### Work to be completed
The line containing "I was going" and every line after it, through the end of the records below: repeat them exactly, nothing more.

"""

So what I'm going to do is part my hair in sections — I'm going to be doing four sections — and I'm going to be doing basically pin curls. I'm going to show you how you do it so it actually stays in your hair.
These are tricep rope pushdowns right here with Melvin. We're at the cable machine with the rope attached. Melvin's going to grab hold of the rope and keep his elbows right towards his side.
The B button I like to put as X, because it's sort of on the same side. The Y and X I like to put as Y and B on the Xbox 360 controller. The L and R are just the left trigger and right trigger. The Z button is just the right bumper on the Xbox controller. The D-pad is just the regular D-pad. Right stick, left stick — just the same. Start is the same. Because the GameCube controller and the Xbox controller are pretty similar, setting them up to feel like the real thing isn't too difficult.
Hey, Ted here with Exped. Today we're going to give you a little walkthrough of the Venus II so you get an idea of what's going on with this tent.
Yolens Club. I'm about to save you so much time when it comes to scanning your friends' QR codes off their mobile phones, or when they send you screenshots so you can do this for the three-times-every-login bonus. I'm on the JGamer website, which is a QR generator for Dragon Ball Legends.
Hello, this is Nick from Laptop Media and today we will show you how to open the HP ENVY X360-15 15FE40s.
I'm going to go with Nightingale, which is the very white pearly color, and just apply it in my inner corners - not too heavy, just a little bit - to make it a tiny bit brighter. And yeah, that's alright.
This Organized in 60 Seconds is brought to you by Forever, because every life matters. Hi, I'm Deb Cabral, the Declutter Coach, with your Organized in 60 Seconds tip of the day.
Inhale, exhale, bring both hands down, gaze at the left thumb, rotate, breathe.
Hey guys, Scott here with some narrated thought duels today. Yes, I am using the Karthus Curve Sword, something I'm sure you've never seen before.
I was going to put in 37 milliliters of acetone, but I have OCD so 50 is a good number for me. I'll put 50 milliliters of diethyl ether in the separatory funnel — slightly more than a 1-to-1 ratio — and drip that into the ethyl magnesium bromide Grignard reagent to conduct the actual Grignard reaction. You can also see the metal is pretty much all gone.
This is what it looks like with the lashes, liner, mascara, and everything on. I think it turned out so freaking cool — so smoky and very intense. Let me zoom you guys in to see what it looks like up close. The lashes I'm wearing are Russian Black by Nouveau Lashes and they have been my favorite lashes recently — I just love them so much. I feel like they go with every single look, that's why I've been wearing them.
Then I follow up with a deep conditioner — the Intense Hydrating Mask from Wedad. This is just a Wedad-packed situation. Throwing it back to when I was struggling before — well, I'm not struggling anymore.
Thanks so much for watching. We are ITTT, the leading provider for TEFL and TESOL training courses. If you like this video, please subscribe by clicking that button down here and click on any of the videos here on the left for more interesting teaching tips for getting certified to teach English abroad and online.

"""

### Exercise output
I was going to put in 37 milliliters of acetone, but I have OCD so 50 is a good number for me. I'll put 50 milliliters of diethyl ether in the separatory funnel — slightly more than a 1-to-1 ratio — and drip that into the ethyl magnesium bromide Grignard reagent to conduct the actual Grignard reaction. You can also see the metal is pretty much all gone.
This is what it looks like with the lashes, liner, mascara, and everything on. I think it turned out so freaking cool — so smoky and very intense. Let me zoom you guys in to see what it looks like up close. The lashes I'm wearing are Russian Black by Nouveau Lashes and they have been my favorite lashes recently — I just love them so much. I feel like they go with every single look, that's why I've been wearing them.
Then I follow up with a deep conditioner — the Intense Hydrating Mask from Wedad. This is just a Wedad-packed situation. Throwing it back to when I was struggling before — well, I'm not struggling anymore.
Thanks so much for watching. We are ITTT, the leading provider for TEFL and TESOL training courses. If you like this video, please subscribe by clicking that button down here and click on any of the videos here on the left for more interesting teaching tips for getting certified to teach English abroad and online.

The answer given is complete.